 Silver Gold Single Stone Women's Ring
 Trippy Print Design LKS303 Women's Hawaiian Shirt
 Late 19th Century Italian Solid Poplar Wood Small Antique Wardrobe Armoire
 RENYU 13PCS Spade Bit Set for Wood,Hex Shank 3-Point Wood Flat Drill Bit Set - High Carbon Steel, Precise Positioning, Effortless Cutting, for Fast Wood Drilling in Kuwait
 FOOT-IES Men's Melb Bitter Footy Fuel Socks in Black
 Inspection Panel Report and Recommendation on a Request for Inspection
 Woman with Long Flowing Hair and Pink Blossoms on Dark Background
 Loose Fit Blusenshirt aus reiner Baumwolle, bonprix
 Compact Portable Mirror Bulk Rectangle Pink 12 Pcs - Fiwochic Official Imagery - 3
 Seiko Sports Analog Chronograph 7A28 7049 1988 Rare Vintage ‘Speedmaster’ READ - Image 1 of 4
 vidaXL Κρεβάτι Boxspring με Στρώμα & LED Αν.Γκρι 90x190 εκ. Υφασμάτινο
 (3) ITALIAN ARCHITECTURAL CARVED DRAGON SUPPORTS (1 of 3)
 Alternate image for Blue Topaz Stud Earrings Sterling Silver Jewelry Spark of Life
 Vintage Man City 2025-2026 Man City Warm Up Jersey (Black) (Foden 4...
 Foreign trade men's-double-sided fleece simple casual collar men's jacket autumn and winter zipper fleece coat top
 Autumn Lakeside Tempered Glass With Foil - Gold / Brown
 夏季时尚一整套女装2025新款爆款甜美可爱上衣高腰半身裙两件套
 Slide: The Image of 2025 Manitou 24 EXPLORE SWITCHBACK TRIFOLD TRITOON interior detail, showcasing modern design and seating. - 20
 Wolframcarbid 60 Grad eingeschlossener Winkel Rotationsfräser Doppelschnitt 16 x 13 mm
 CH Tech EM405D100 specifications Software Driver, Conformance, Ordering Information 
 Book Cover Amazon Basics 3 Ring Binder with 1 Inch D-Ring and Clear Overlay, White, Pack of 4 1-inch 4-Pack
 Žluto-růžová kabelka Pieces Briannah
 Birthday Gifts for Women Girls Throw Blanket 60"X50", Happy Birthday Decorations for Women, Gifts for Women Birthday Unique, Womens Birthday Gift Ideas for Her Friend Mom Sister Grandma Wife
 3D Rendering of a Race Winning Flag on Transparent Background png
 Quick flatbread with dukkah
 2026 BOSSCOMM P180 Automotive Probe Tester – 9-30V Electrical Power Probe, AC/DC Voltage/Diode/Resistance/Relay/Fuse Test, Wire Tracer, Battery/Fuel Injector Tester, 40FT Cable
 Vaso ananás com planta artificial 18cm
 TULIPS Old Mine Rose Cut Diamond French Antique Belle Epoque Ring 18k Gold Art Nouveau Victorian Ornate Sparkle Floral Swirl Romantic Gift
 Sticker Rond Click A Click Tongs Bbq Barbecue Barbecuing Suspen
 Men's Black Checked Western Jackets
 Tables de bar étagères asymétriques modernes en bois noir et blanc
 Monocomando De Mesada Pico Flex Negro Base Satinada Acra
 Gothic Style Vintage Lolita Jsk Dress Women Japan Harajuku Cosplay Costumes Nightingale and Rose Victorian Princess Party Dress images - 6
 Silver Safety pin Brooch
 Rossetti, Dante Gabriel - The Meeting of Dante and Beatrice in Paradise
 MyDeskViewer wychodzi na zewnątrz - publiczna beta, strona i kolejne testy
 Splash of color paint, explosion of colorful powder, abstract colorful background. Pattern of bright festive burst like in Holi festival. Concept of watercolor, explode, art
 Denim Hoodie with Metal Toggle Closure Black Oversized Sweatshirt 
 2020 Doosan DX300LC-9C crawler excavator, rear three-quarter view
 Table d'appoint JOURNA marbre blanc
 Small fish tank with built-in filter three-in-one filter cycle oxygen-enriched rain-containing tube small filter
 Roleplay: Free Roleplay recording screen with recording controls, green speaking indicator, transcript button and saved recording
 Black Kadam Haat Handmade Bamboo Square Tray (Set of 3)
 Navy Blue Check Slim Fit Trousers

================================

**EXERCISE**: Your task is to transcribe each record faithfully and in full.

**RESULT OF THE TASK**:
 Silver Gold Single Stone Women's Ring
 Trippy Print Design LKS303 Women's Hawaiian Shirt
 Late 19th Century Italian Solid Poplar Wood Small Antique Wardrobe Armoire
 RENYU 13PCS Spade Bit Set for Wood,Hex Shank 3-Point Wood Flat Drill Bit Set - High Carbon Steel, Precise Positioning, Effortless Cutting, for Fast Wood Drilling in Kuwait
 FOOT-IES Men's Melb Bitter Footy Fuel Socks in Black
 Inspection Panel Report and Recommendation on a Request for Inspection
 Woman with Long Flowing Hair and Pink Blossoms on Dark Background
 Loose Fit Blusenshirt aus reiner Baumwolle, bonprix
 Compact Portable Mirror Bulk Rectangle Pink 12 Pcs - Fiwochic Official Imagery - 3
 Seiko Sports Analog Chronograph 7A28 7049 1988 Rare Vintage ‘Speedmaster’ READ - Image 1 of 4
 vidaXL Κρεβάτι Boxspring με Στρώμα & LED Αν.Γκρι 90x190 εκ. Υφασμάτινο
 (3) ITALIAN ARCHITECTURAL CARVED DRAGON SUPPORTS (1 of 3)
 Alternate image for Blue Topaz Stud Earrings Sterling Silver Jewelry Spark of Life
 Vintage Man City 2025-2026 Man City Warm Up Jersey (Black) (Foden 4...
 Foreign trade men's-double-sided fleece simple casual collar men's jacket autumn and winter zipper fleece coat top
 Autumn Lakeside Tempered Glass With Foil - Gold / Brown
 夏季时尚一整套女装2025新款爆款甜美可爱上衣高腰半身裙两件套
 Slide: The Image of 2025 Manitou 24 EXPLORE SWITCHBACK TRIFOLD TRITOON interior detail, showcasing modern design and seating. - 20
 Wolframcarbid 60 Grad eingeschlossener Winkel Rotationsfräser Doppelschnitt 16 x 13 mm
 CH Tech EM405D100 specifications Software Driver, Conformance, Ordering Information 
 Book Cover Amazon Basics 3 Ring Binder with 1 Inch D-Ring and Clear Overlay, White, Pack of 4 1-inch 4-Pack
 Žluto-růžová kabelka Pieces Briannah
 Birthday Gifts for Women Girls Throw Blanket 60"X50", Happy Birthday Decorations for Women, Gifts for Women Birthday Unique, Womens Birthday Gift Ideas for Her Friend Mom Sister Grandma Wife
 3D Rendering of a Race Winning Flag on Transparent Background png
 Quick flatbread with dukkah
 2026 BOSSCOMM P180 Automotive Probe Tester – 9-30V Electrical Power Probe, AC/DC Voltage/Diode/Resistance/Relay/Fuse Test, Wire Tracer, Battery/Fuel Injector Tester, 40FT Cable
 Vaso ananás com planta artificial 18cm
 TULIPS Old Mine Rose Cut Diamond French Antique Belle Epoque Ring 18k Gold Art Nouveau Victorian Ornate Sparkle Floral Swirl Romantic Gift
 Sticker Rond Click A Click Tongs Bbq Barbecue Barbecuing Suspen
 Men's Black Checked Western Jackets
 Tables de bar étagères asymétriques modernes en bois noir et blanc
 Monocomando De Mesada Pico Flex Negro Base Satinada Acra
 Gothic Style Vintage Lolita Jsk Dress Women Japan Harajuku Cosplay Costumes Nightingale and Rose Victorian Princess Party Dress images - 6
 Silver Safety pin Brooch
 Rossetti, Dante Gabriel - The Meeting of Dante and Beatrice in Paradise
 MyDeskViewer wychodzi na zewnątrz - publiczna beta, strona i kolejne testy
 Splash of color paint, explosion of colorful powder, abstract colorful background. Pattern of bright festive burst like in Holi festival. Concept of watercolor, explode, art
 Denim Hoodie with Metal Toggle Closure Black Oversized Sweatshirt 
 2020 Doosan DX300LC-9C crawler excavator, rear three-quarter view
 Table d'appoint JOURNA marbre blanc
 Small fish tank with built-in filter three-in-one filter cycle oxygen-enriched rain-containing tube small filter
 Roleplay: Free Roleplay recording screen with recording controls, green speaking indicator, transcript button and saved recording
 Black Kadam Haat Handmade Bamboo Square Tray (Set of 3)
 Navy Blue Check Slim Fit Trousers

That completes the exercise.